A close race is expected.
Kenyan Naom Jebet, 26, will contest the distance for the second time this year, following up on a 2:27:57 run at the Castellon Marathon on 16 February where she finished second. She also has five sub-1:09 half marathon performances to her credit, topped by her 1:08:08 career best set in Copenhagen last year.
Viktoriya Khapilina of Ukraine, with a 2:28:03 personal best set last year, and Clementine Mukandanga of Rwanda, who has a 2:30:59 best from 2018, are also in the field.

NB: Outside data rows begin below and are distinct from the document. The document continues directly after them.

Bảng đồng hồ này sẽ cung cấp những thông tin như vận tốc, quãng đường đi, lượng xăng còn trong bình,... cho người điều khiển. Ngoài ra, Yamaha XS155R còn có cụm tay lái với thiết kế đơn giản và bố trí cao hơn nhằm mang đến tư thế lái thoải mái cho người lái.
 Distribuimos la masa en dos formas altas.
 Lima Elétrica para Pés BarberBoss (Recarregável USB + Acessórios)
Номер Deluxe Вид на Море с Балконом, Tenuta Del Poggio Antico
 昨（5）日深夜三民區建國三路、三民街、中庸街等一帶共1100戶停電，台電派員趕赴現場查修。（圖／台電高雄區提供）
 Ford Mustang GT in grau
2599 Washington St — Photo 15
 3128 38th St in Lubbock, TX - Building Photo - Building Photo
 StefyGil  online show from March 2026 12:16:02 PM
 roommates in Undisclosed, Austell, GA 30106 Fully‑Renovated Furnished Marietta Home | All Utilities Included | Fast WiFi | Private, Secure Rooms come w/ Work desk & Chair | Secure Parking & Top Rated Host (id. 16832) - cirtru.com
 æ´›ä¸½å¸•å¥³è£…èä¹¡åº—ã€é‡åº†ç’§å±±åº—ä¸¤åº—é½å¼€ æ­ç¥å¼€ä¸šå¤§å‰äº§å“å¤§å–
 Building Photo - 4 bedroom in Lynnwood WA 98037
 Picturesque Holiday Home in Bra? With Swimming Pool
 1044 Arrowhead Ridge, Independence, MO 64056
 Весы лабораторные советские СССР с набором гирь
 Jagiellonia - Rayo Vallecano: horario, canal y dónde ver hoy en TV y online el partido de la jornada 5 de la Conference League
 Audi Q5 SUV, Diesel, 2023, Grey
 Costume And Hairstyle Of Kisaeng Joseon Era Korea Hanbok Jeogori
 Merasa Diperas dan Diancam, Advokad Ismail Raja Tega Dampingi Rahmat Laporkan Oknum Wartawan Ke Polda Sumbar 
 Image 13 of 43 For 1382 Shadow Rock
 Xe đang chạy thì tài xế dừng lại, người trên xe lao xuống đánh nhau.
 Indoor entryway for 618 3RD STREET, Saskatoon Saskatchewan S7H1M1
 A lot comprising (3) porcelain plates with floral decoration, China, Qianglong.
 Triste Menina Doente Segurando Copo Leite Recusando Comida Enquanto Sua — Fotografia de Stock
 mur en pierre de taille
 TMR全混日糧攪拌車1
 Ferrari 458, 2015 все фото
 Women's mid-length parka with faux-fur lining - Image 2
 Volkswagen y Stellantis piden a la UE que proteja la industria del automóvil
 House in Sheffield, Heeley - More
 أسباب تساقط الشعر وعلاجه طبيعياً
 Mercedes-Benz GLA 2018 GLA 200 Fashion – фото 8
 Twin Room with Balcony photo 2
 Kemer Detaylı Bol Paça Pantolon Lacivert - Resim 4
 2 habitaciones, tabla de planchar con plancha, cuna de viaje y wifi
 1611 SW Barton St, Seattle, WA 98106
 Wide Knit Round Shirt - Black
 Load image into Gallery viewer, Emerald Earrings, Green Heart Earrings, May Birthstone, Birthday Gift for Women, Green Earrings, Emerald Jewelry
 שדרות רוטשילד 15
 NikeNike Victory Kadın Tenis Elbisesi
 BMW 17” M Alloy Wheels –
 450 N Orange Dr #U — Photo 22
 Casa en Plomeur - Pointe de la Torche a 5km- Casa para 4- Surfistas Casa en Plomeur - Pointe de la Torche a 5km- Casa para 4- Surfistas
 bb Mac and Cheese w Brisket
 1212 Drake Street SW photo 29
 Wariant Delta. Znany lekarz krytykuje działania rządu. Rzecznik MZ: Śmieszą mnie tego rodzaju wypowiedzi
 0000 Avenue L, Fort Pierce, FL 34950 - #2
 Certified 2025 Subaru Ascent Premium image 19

The women's race record is 2:32:35 set by Kenyan Rebecca Chepchirchir Korir in 2015. The men's mark of 2:11:26 was set by Kristo Stefanov in 1997, which still stands as the Bulgarian national record.
Kiprop the favourite in Bucharest
Ezekiel Kiprop Koech will start as favourite at the 13th edition of Raiffeisen Bank Bucharest Marathon, another Bronze Label race, also on the slate for Sunday.
The Kenyan clocked his 2:10:02 personal best at the Dresden Marathon last October, a race he won by more than a minute.
He'll take on Belgian Mohamed Ali, who finished fourth in the one-hour race at the Brussels Wanda League meeting last month where he tallied 20,055 metres. He clocked 59:52.27 en route at 20km, closely in line with his 1:03:09 personal best in the half marathon.
The fastest entrant in the women's race is 25-year-old Kenyan Lilian Chemweno, who clocked 2:41:26 at the Padova Marathon in 2016.
The race also doubles as the Romanian national championships.
Meanwhile, Sunday's Rimi Riga Marathon, a Gold Label race celebrating its 30th edition, will have 800 runners taking part in the event in the Latvian capital. Primarily a local mass race this year, organisers have also welcomed a handful of local and international elites targeting the Olympic qualifying standards.